[EXERCISE AIM]
Return the lines below exactly, please, from the one containing "Obr. 1: Mapa" through the last one, both included, and leave out any pictures.

[RECORDED INFORMATION]

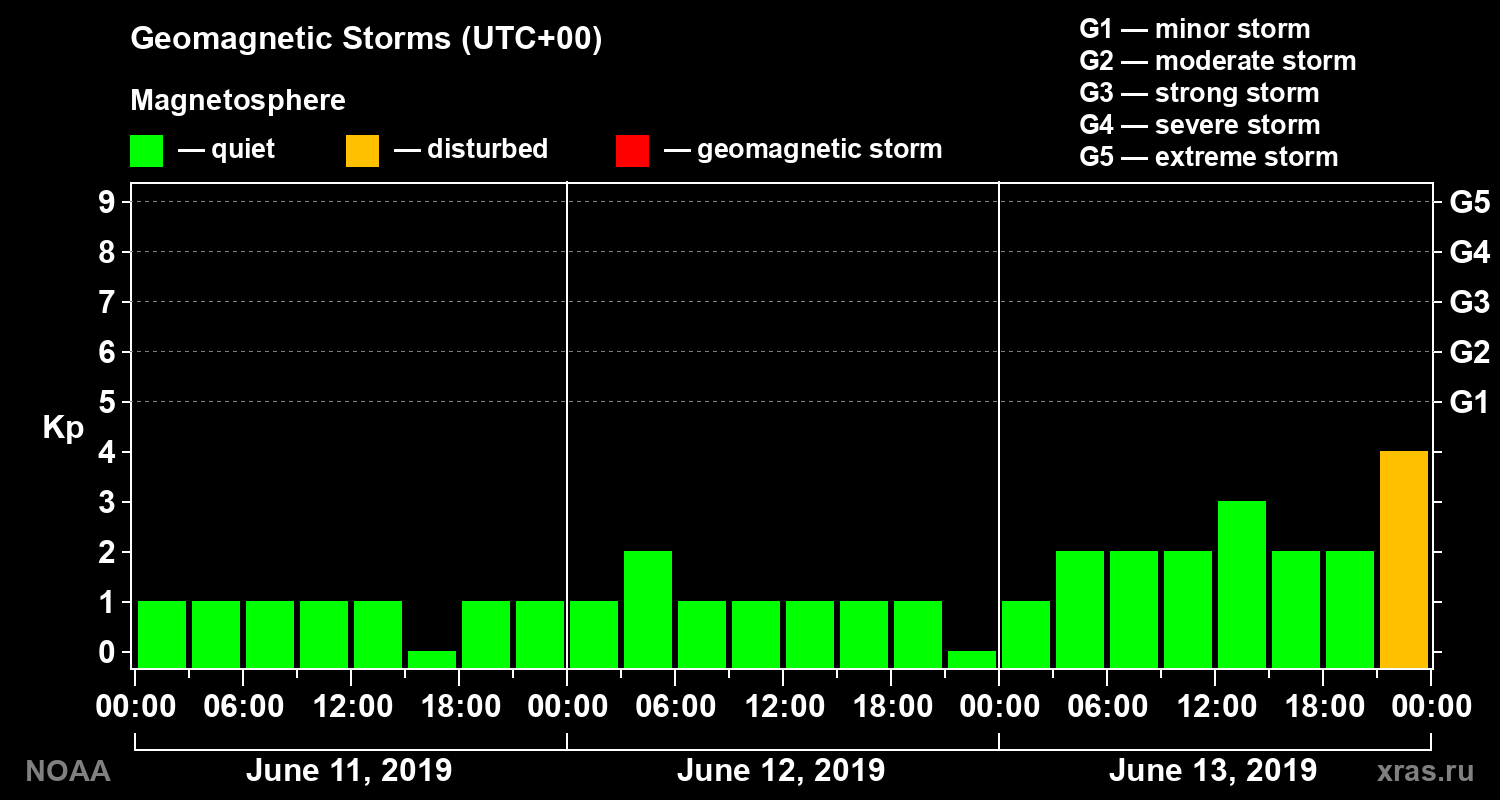 Geomagnetic index Kp for 3 days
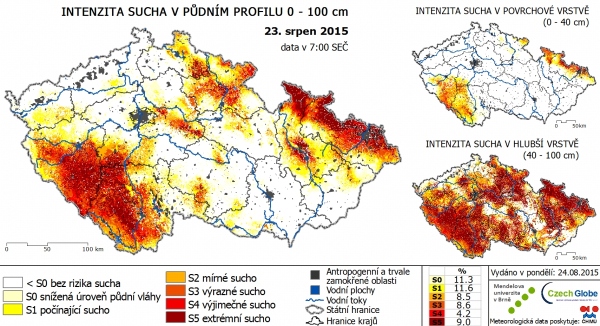 Obr. 1: Mapa intenzity sucha ze dne 23. 8. 2015 jako odchylka aktuálního stavu od průměru 1961–2010; jedná se o den, kdy po významné epizodě sucha od cca 15. 7. – 15. 8. 2015 se mezi 16. 8. – 20. 8. 2015 vyskytly srážky v pásu jižní Morava, Vysočina až severozápadní Čechy; velká mapa je zemědělské sucho pro půdní profil 0,0–1,0 m; malá mapa nahoře 0,0–0,40 m; malá mapa dole pro 0,40–1,0 m.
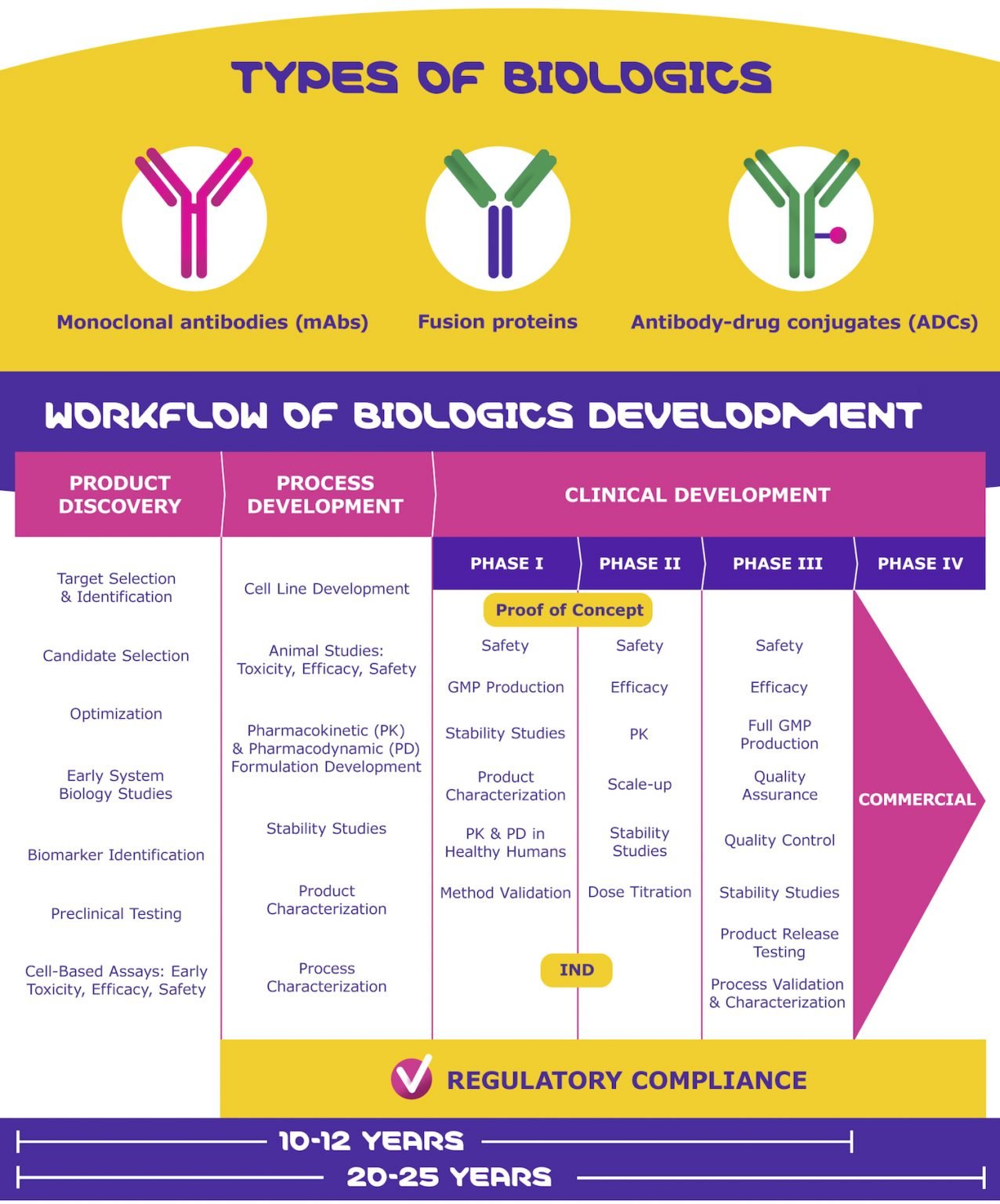 Overcoming the Challenges in Biologics Development and Quality Control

[ANSWER TO THIS EXERCISE]
 Obr. 1: Mapa intenzity sucha ze dne 23. 8. 2015 jako odchylka aktuálního stavu od průměru 1961–2010; jedná se o den, kdy po významné epizodě sucha od cca 15. 7. – 15. 8. 2015 se mezi 16. 8. – 20. 8. 2015 vyskytly srážky v pásu jižní Morava, Vysočina až severozápadní Čechy; velká mapa je zemědělské sucho pro půdní profil 0,0–1,0 m; malá mapa nahoře 0,0–0,40 m; malá mapa dole pro 0,40–1,0 m.
 Overcoming the Challenges in Biologics Development and Quality Control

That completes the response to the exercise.